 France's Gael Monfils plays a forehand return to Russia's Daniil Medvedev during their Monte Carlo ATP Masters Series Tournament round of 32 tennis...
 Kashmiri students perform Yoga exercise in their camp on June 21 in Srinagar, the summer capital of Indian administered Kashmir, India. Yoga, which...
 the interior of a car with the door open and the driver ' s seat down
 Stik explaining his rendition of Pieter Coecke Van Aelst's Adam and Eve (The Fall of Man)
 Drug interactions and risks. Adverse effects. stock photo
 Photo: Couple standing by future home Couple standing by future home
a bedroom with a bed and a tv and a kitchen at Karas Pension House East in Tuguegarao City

....................

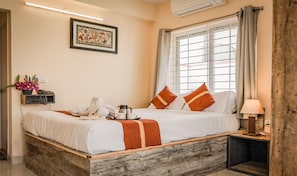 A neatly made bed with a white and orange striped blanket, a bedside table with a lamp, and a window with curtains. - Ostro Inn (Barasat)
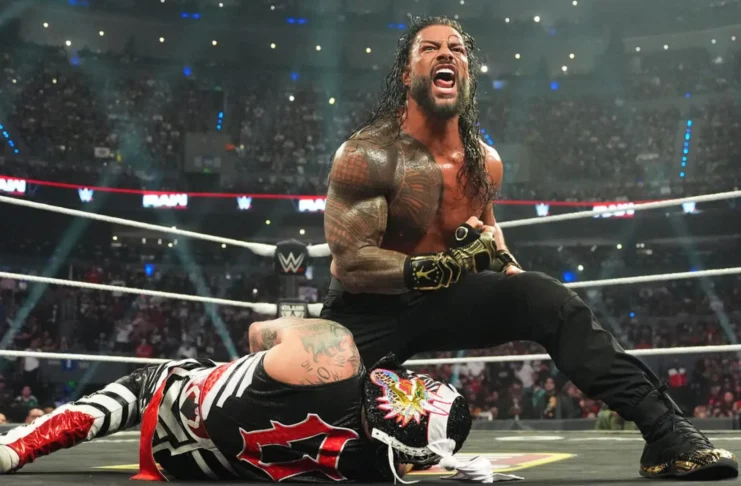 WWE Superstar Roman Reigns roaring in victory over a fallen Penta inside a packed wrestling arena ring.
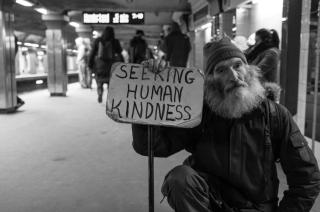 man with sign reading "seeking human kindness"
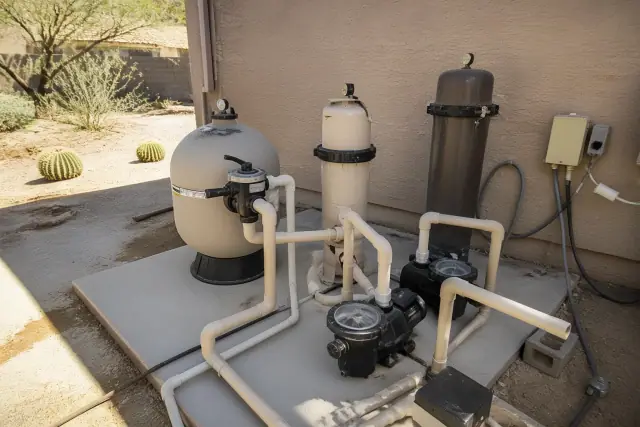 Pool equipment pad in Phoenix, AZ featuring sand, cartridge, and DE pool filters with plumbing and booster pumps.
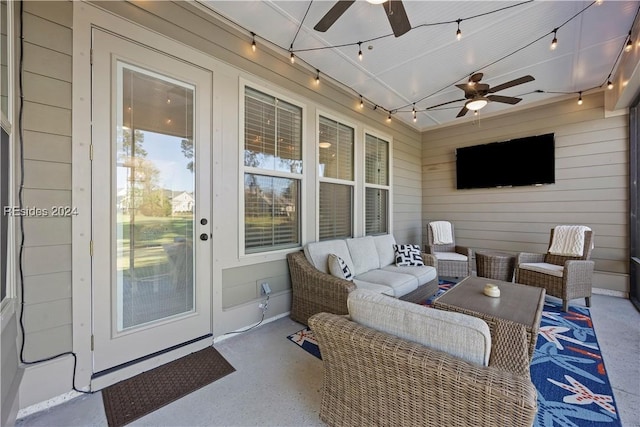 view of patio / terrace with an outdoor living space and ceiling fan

....................

• Exercise aim
Restate word for word the lines of the data above, starting at the line containing "Stik explaining his" and ending at the line containing "a bedroom with", both included, and nothing more.

• Result of the exercise
 Stik explaining his rendition of Pieter Coecke Van Aelst's Adam and Eve (The Fall of Man)
 Drug interactions and risks. Adverse effects. stock photo
 Photo: Couple standing by future home Couple standing by future home
a bedroom with a bed and a tv and a kitchen at Karas Pension House East in Tuguegarao City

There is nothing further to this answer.